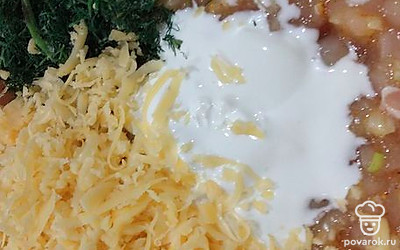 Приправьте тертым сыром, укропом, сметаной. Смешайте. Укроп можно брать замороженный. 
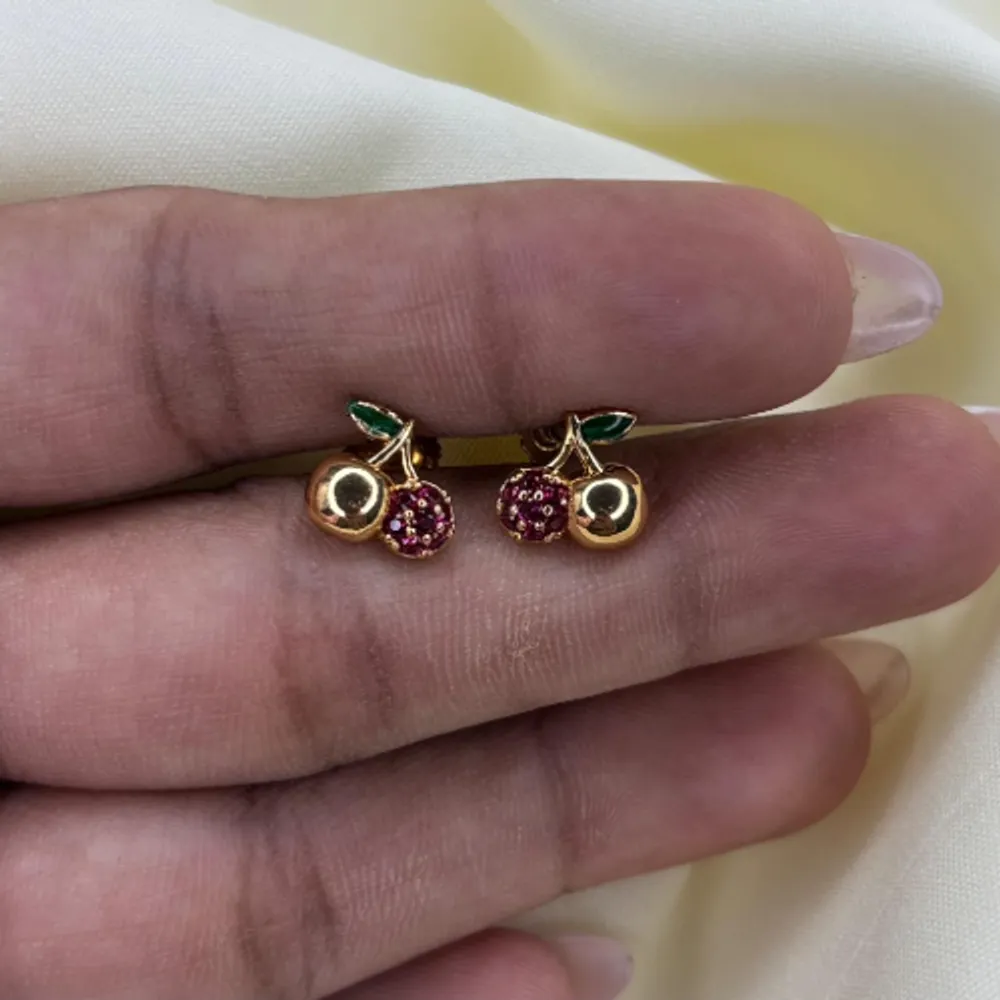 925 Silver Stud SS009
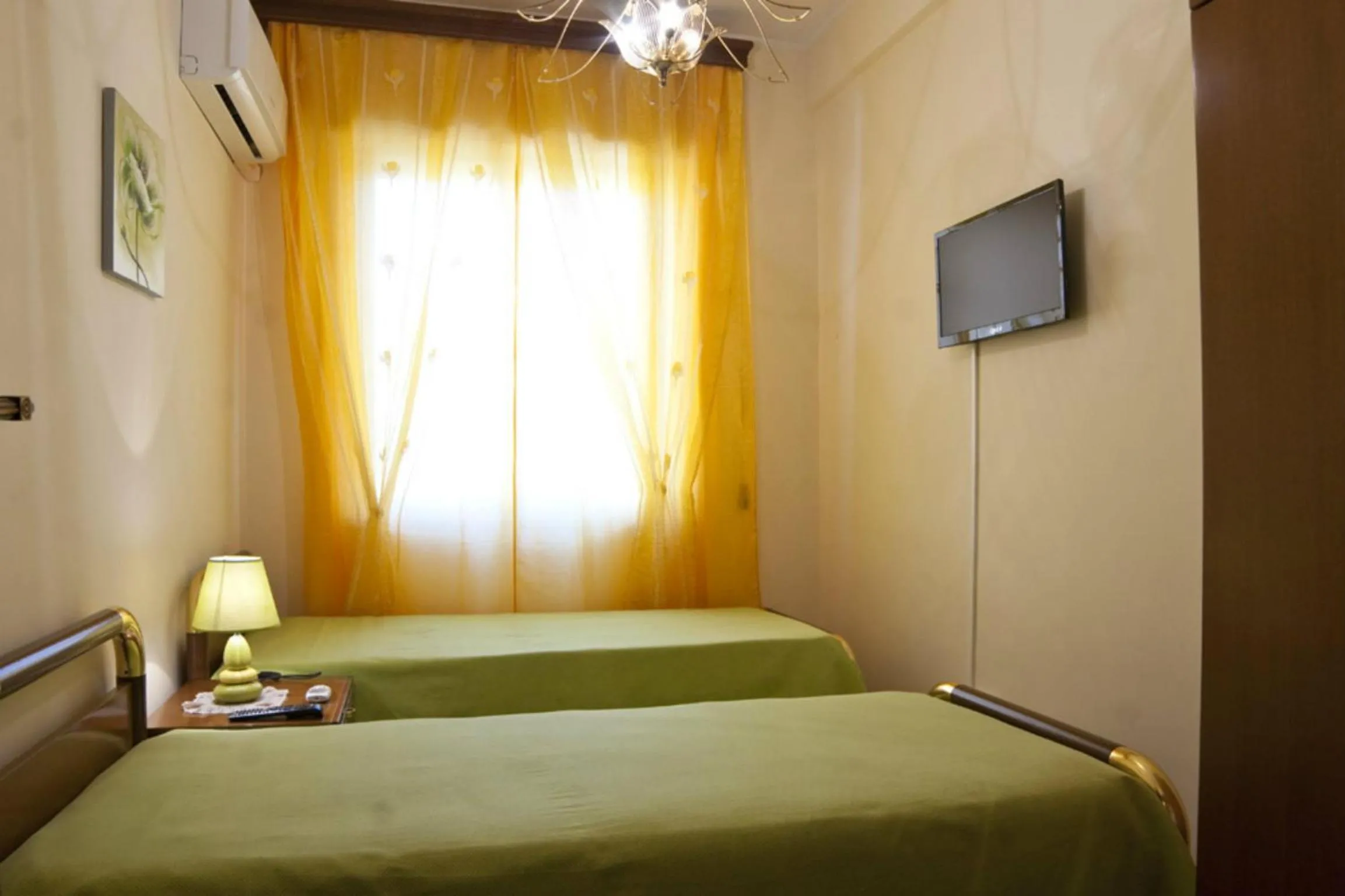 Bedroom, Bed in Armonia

→ **INSTRUCTIONS FOR THE TASK**
Once the pictures are removed, output the remaining material exactly.

→ **SOLUTION TO THIS EXERCISE**
 Приправьте тертым сыром, укропом, сметаной. Смешайте. Укроп можно брать замороженный. 
 925 Silver Stud SS009
 Bedroom, Bed in Armonia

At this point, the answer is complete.